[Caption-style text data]

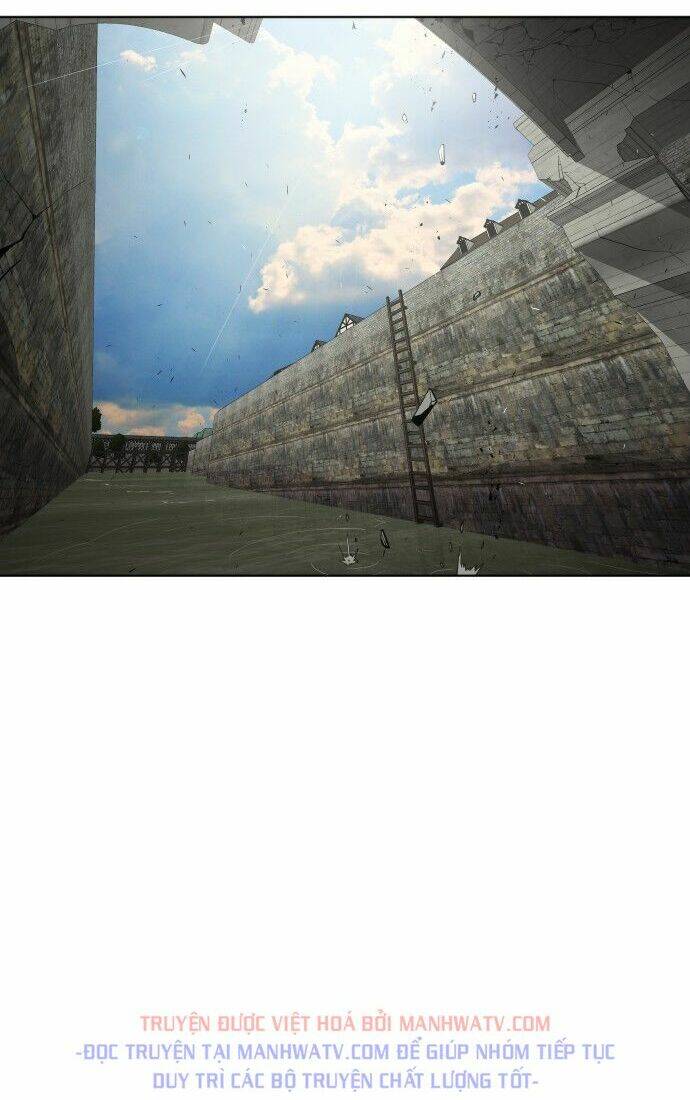 Kĩ Nguyên Của Anh Hùng Chap 55 - Next Chap 56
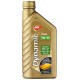 MOL Dynamic Prima 5W-40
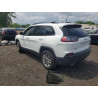2022 JEEP GRAND CHER 1C4PJMMX1ND530147 58652975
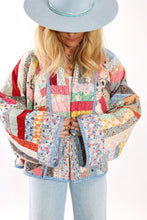 Load image into Gallery viewer, The Aunt Ethel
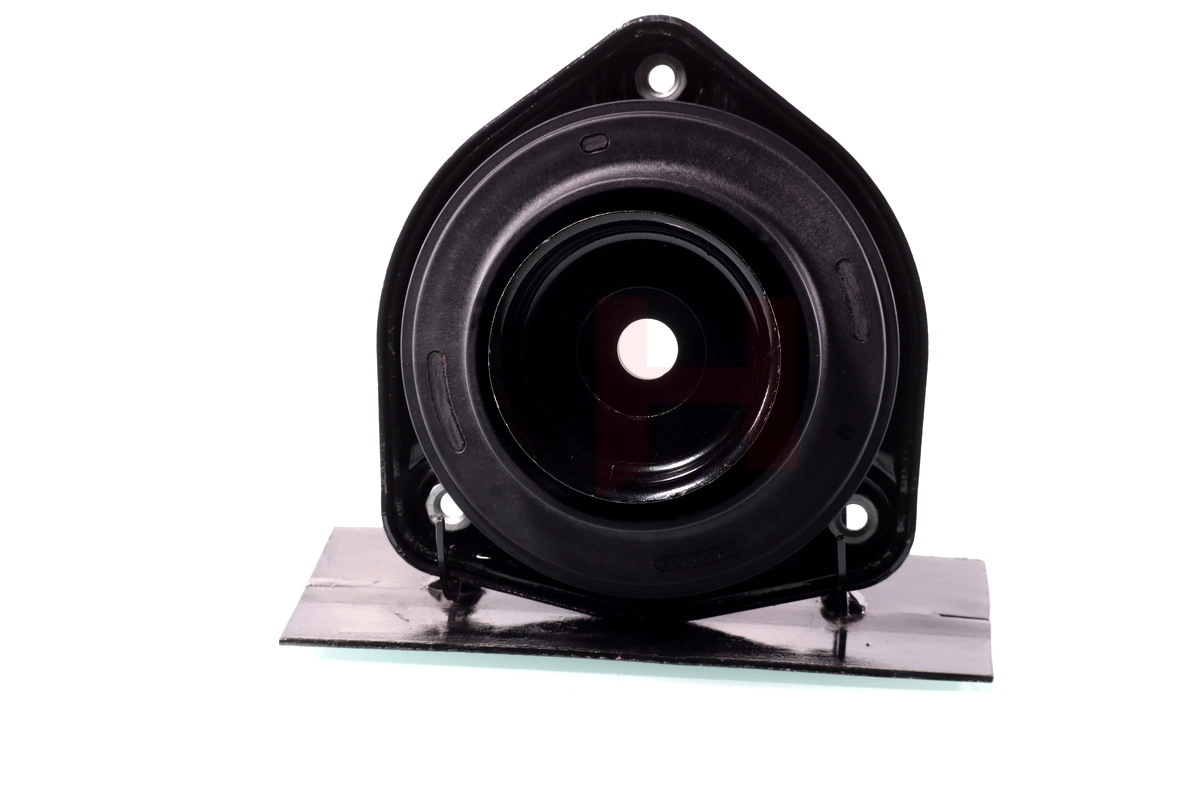 Repair Kit, suspension strut support mount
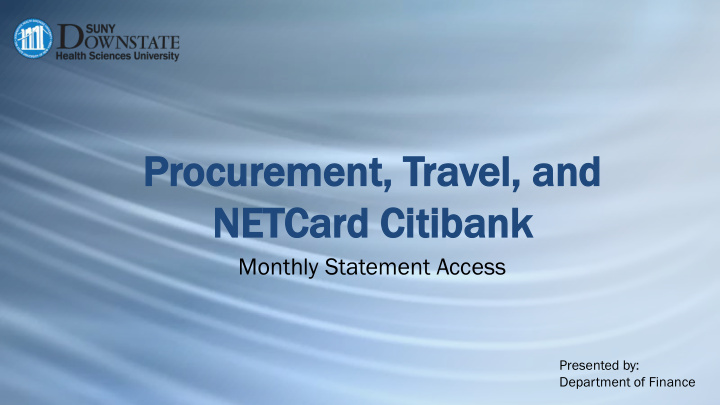 net etcard card ci citibank tibank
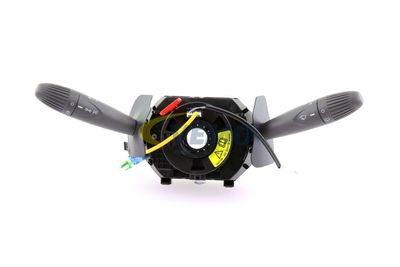 COMUTATOR COLOANA DIRECTIE VEMO V24801475 14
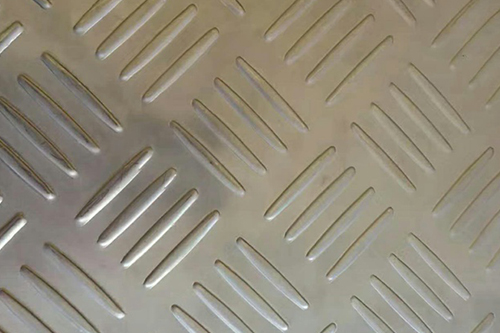 304����ֻ��ư�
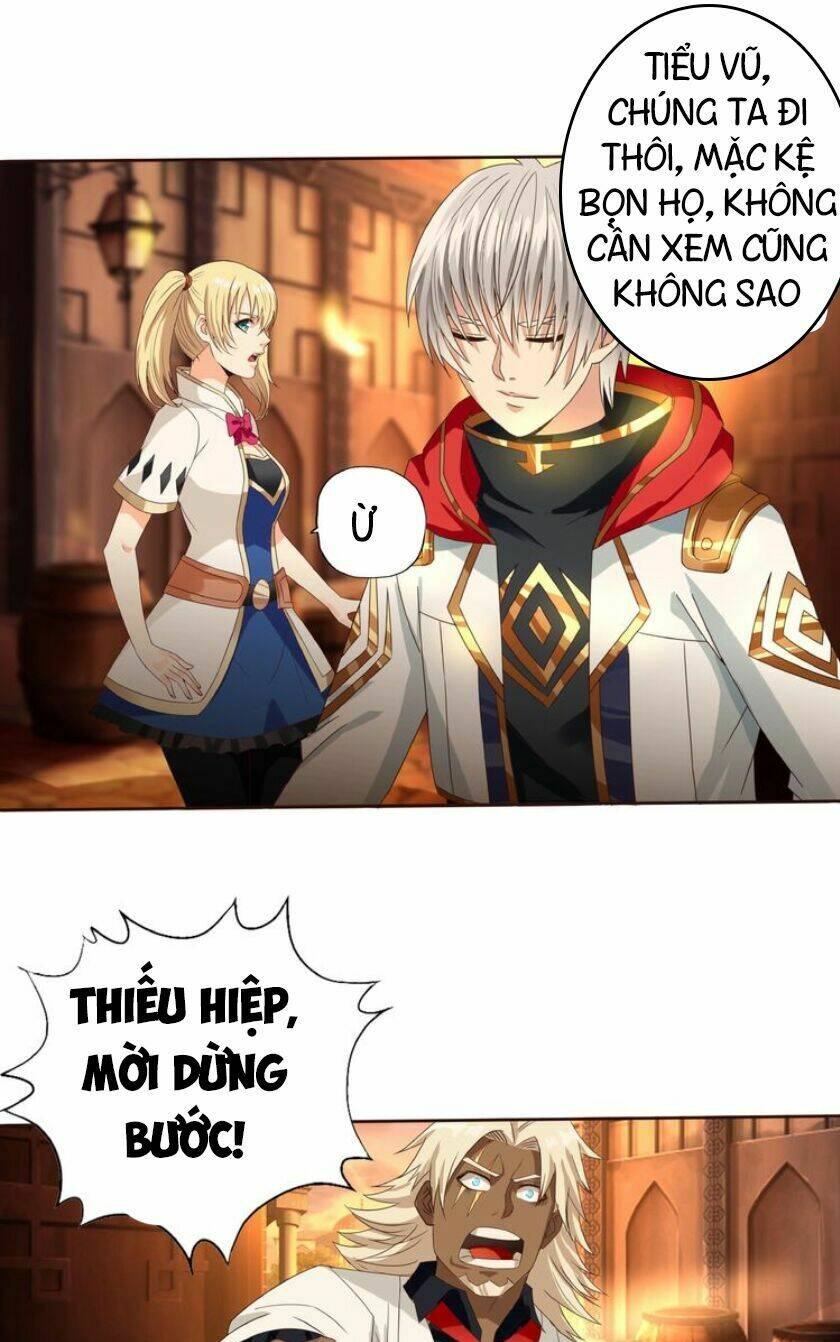 Trang 25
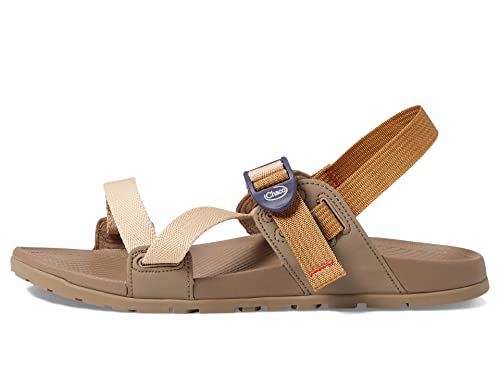 Image of Chaco Women's Lowdown Sandals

Goal of the exercise → Exact copy, no pictures: please print the data above once more.

Solved exercise →
 Kĩ Nguyên Của Anh Hùng Chap 55 - Next Chap 56
 MOL Dynamic Prima 5W-40
2022 JEEP GRAND CHER 1C4PJMMX1ND530147 58652975
 Load image into Gallery viewer, The Aunt Ethel
 Repair Kit, suspension strut support mount
 net etcard card ci citibank tibank
 COMUTATOR COLOANA DIRECTIE VEMO V24801475 14
 304����ֻ��ư�
 Trang 25
 Image of Chaco Women's Lowdown Sandals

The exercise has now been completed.